Material provided Start Marker

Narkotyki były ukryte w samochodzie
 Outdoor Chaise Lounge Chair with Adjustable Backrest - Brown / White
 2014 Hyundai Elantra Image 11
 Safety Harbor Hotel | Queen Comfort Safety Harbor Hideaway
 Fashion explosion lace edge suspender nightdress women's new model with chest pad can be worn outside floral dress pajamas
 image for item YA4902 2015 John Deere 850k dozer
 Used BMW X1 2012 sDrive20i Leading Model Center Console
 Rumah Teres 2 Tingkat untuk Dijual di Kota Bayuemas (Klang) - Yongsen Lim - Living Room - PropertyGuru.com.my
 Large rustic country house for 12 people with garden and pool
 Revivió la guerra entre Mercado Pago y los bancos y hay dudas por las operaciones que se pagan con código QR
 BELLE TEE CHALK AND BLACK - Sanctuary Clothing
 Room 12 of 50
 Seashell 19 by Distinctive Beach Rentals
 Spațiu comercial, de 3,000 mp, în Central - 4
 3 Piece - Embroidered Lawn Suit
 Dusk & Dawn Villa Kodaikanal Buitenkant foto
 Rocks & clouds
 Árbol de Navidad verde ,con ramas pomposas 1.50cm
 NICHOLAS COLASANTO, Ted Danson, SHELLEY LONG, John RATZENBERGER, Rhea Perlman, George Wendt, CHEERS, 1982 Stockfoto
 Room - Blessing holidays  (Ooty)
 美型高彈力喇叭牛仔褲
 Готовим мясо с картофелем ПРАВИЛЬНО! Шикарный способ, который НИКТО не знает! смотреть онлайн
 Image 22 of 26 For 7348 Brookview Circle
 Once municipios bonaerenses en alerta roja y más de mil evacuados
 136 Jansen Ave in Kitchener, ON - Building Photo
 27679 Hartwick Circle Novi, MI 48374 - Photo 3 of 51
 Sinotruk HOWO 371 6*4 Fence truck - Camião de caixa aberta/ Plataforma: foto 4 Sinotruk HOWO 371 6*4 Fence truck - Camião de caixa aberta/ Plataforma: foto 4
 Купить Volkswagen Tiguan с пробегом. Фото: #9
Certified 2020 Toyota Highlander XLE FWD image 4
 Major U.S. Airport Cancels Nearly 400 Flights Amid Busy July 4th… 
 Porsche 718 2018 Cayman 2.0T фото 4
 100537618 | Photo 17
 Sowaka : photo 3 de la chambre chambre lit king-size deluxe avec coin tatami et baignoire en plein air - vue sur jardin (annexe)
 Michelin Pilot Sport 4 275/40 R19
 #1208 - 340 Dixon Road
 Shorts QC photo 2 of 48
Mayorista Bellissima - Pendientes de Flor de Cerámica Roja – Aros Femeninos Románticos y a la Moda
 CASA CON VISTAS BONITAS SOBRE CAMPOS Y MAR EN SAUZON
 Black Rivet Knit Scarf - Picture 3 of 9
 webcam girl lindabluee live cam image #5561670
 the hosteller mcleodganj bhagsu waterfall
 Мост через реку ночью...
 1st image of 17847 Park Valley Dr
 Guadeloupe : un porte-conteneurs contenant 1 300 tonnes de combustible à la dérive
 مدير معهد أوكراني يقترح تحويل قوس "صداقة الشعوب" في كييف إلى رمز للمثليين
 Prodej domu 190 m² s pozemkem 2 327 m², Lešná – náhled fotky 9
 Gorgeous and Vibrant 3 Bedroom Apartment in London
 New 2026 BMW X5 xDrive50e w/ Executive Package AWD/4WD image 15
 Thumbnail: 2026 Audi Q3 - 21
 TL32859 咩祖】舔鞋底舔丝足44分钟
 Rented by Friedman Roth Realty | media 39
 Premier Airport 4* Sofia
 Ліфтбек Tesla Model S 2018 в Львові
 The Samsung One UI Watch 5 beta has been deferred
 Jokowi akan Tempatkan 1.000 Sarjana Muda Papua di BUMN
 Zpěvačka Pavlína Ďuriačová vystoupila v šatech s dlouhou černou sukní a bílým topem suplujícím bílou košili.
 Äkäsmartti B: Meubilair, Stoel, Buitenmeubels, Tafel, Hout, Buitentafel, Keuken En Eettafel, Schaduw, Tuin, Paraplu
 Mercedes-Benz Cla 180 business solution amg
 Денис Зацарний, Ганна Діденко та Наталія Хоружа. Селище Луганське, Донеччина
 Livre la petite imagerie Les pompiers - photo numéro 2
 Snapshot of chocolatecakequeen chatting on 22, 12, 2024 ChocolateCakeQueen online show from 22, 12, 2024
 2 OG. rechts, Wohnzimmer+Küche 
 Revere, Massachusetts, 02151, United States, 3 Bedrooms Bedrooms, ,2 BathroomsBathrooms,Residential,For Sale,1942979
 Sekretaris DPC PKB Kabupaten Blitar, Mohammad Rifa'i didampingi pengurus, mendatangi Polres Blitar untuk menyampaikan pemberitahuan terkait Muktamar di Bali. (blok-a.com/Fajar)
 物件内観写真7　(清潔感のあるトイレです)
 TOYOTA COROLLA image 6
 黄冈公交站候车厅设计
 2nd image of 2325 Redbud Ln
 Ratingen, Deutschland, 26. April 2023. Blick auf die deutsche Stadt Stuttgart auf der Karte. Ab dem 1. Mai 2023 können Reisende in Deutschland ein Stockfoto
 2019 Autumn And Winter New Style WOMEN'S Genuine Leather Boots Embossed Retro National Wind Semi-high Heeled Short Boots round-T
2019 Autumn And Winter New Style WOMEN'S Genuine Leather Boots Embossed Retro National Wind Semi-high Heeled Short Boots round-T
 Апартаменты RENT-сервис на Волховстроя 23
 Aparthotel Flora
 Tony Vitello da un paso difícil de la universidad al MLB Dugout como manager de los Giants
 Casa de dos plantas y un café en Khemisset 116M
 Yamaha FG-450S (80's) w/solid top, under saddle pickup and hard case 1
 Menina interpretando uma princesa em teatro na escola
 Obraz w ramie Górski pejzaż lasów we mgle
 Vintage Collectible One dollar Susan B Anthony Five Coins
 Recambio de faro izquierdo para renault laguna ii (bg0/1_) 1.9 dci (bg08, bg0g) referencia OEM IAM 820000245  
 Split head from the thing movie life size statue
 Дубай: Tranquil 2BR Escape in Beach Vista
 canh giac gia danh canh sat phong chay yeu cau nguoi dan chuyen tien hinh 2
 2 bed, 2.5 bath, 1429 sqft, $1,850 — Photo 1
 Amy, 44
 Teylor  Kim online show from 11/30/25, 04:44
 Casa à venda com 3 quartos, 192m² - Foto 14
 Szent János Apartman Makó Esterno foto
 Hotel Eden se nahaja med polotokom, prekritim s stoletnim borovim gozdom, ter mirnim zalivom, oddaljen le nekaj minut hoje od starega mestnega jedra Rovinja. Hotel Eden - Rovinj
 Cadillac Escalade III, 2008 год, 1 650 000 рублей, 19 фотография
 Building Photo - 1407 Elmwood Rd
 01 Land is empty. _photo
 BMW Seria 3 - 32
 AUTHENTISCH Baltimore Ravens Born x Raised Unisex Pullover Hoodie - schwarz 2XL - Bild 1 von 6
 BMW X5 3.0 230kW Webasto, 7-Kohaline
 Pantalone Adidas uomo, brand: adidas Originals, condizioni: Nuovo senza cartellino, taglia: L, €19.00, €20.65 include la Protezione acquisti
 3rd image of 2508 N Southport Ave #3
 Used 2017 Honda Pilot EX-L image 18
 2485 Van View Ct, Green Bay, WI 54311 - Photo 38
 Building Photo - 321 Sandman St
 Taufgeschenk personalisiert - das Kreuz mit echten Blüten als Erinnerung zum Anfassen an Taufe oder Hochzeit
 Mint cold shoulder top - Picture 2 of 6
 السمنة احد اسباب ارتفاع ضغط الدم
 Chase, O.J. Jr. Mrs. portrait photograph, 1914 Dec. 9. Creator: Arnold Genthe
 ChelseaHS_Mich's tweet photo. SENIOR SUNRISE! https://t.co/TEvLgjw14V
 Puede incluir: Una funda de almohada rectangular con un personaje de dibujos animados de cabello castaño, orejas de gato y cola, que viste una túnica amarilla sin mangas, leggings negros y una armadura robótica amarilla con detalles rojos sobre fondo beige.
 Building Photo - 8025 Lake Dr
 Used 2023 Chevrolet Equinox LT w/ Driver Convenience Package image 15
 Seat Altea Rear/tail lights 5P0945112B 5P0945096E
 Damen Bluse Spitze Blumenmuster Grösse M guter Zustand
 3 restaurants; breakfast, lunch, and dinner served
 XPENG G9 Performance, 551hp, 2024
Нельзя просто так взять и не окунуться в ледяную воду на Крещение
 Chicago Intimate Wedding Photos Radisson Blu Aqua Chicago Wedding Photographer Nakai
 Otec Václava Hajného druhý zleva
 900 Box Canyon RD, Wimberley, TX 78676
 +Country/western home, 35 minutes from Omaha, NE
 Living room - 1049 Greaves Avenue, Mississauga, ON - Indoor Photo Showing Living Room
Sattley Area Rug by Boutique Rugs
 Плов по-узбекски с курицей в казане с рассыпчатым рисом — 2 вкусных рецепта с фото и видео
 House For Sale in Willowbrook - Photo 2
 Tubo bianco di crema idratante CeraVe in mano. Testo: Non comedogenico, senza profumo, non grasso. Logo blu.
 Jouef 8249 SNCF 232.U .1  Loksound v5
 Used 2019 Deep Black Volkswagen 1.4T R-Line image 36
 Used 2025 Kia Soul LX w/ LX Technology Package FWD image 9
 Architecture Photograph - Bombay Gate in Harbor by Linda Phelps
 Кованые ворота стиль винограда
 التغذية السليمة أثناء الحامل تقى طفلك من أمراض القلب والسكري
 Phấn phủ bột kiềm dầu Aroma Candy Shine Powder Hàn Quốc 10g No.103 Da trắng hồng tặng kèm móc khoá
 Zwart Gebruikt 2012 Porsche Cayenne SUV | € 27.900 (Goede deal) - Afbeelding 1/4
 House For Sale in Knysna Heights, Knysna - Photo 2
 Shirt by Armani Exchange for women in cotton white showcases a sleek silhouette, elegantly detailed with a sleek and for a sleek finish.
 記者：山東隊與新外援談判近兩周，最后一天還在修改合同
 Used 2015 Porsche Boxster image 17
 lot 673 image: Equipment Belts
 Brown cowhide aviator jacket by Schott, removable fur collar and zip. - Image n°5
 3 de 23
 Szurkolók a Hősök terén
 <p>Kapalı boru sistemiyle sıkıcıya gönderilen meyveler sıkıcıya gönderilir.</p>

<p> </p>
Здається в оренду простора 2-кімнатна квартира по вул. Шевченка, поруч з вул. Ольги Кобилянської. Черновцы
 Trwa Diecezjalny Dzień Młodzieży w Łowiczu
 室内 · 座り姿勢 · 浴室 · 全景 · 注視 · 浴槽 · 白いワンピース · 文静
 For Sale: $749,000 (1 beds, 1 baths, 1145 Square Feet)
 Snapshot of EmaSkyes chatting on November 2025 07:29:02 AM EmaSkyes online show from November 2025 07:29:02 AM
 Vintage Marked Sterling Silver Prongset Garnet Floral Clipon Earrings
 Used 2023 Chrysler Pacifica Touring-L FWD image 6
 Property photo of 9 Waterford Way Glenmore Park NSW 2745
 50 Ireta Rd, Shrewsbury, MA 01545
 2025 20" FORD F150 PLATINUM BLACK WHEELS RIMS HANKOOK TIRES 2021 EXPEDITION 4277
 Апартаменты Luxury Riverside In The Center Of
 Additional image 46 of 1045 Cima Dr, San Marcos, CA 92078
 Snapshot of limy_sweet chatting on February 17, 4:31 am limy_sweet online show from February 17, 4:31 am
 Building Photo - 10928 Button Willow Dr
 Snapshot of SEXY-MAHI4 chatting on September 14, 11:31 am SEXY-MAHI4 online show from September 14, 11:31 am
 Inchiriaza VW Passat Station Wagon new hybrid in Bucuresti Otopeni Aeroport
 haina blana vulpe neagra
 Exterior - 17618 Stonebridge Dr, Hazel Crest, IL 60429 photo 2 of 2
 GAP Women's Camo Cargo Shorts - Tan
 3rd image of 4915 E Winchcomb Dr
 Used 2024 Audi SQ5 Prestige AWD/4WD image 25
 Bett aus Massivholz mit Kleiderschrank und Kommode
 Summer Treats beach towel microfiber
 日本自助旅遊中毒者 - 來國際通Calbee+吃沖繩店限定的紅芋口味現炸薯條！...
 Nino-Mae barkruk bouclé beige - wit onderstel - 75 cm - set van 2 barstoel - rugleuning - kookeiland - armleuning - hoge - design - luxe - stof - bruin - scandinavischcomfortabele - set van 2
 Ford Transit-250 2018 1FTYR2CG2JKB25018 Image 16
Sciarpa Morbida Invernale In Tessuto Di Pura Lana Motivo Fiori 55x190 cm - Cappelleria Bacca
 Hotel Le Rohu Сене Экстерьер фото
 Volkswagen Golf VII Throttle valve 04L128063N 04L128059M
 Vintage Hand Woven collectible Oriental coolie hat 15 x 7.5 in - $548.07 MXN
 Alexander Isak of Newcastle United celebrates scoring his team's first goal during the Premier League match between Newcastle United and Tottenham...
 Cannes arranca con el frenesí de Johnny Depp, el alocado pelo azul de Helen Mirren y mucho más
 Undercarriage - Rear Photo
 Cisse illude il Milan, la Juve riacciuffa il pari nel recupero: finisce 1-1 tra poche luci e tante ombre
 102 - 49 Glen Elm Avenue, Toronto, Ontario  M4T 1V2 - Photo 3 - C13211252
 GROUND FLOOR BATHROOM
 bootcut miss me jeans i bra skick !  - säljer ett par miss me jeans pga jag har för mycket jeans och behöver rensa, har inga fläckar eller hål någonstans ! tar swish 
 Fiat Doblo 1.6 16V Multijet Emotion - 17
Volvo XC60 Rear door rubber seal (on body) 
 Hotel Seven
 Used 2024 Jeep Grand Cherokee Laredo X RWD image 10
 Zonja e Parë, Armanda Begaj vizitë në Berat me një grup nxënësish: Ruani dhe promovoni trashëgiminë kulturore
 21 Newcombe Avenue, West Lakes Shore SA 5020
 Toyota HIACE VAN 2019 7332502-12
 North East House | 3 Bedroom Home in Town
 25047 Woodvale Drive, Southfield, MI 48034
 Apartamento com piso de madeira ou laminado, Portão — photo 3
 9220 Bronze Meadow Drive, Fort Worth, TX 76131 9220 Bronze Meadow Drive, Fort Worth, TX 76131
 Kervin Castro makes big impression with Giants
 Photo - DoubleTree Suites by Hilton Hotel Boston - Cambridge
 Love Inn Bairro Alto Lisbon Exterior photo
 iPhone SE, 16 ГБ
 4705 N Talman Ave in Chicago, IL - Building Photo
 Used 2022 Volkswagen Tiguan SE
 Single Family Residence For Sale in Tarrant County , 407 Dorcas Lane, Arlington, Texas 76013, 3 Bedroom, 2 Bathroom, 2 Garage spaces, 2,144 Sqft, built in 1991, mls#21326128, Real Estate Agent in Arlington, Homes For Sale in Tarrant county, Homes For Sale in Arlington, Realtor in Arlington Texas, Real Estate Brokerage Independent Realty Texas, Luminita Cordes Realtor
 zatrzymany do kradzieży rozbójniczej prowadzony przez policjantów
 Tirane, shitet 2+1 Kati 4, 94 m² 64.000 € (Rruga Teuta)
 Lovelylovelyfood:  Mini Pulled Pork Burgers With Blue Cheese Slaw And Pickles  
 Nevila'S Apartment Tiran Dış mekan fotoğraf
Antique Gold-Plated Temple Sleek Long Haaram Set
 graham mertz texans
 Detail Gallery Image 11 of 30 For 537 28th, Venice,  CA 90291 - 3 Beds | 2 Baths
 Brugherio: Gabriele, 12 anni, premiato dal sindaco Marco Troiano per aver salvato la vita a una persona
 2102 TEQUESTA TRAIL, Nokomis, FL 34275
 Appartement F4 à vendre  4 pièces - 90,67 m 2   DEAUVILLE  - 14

Material provided End Marker

_Problem statement_
Begin at the line that has "Taufgeschenk personalisiert - das" in the entries above; stop after the line that has "House For Sale in Knysna". Transcribe exactly those lines and no others.

_Result_
 Taufgeschenk personalisiert - das Kreuz mit echten Blüten als Erinnerung zum Anfassen an Taufe oder Hochzeit
 Mint cold shoulder top - Picture 2 of 6
 السمنة احد اسباب ارتفاع ضغط الدم
 Chase, O.J. Jr. Mrs. portrait photograph, 1914 Dec. 9. Creator: Arnold Genthe
 ChelseaHS_Mich's tweet photo. SENIOR SUNRISE! https://t.co/TEvLgjw14V
 Puede incluir: Una funda de almohada rectangular con un personaje de dibujos animados de cabello castaño, orejas de gato y cola, que viste una túnica amarilla sin mangas, leggings negros y una armadura robótica amarilla con detalles rojos sobre fondo beige.
 Building Photo - 8025 Lake Dr
 Used 2023 Chevrolet Equinox LT w/ Driver Convenience Package image 15
 Seat Altea Rear/tail lights 5P0945112B 5P0945096E
 Damen Bluse Spitze Blumenmuster Grösse M guter Zustand
 3 restaurants; breakfast, lunch, and dinner served
 XPENG G9 Performance, 551hp, 2024
Нельзя просто так взять и не окунуться в ледяную воду на Крещение
 Chicago Intimate Wedding Photos Radisson Blu Aqua Chicago Wedding Photographer Nakai
 Otec Václava Hajného druhý zleva
 900 Box Canyon RD, Wimberley, TX 78676
 +Country/western home, 35 minutes from Omaha, NE
 Living room - 1049 Greaves Avenue, Mississauga, ON - Indoor Photo Showing Living Room
Sattley Area Rug by Boutique Rugs
 Плов по-узбекски с курицей в казане с рассыпчатым рисом — 2 вкусных рецепта с фото и видео
 House For Sale in Willowbrook - Photo 2
 Tubo bianco di crema idratante CeraVe in mano. Testo: Non comedogenico, senza profumo, non grasso. Logo blu.
 Jouef 8249 SNCF 232.U .1  Loksound v5
 Used 2019 Deep Black Volkswagen 1.4T R-Line image 36
 Used 2025 Kia Soul LX w/ LX Technology Package FWD image 9
 Architecture Photograph - Bombay Gate in Harbor by Linda Phelps
 Кованые ворота стиль винограда
 التغذية السليمة أثناء الحامل تقى طفلك من أمراض القلب والسكري
 Phấn phủ bột kiềm dầu Aroma Candy Shine Powder Hàn Quốc 10g No.103 Da trắng hồng tặng kèm móc khoá
 Zwart Gebruikt 2012 Porsche Cayenne SUV | € 27.900 (Goede deal) - Afbeelding 1/4
 House For Sale in Knysna Heights, Knysna - Photo 2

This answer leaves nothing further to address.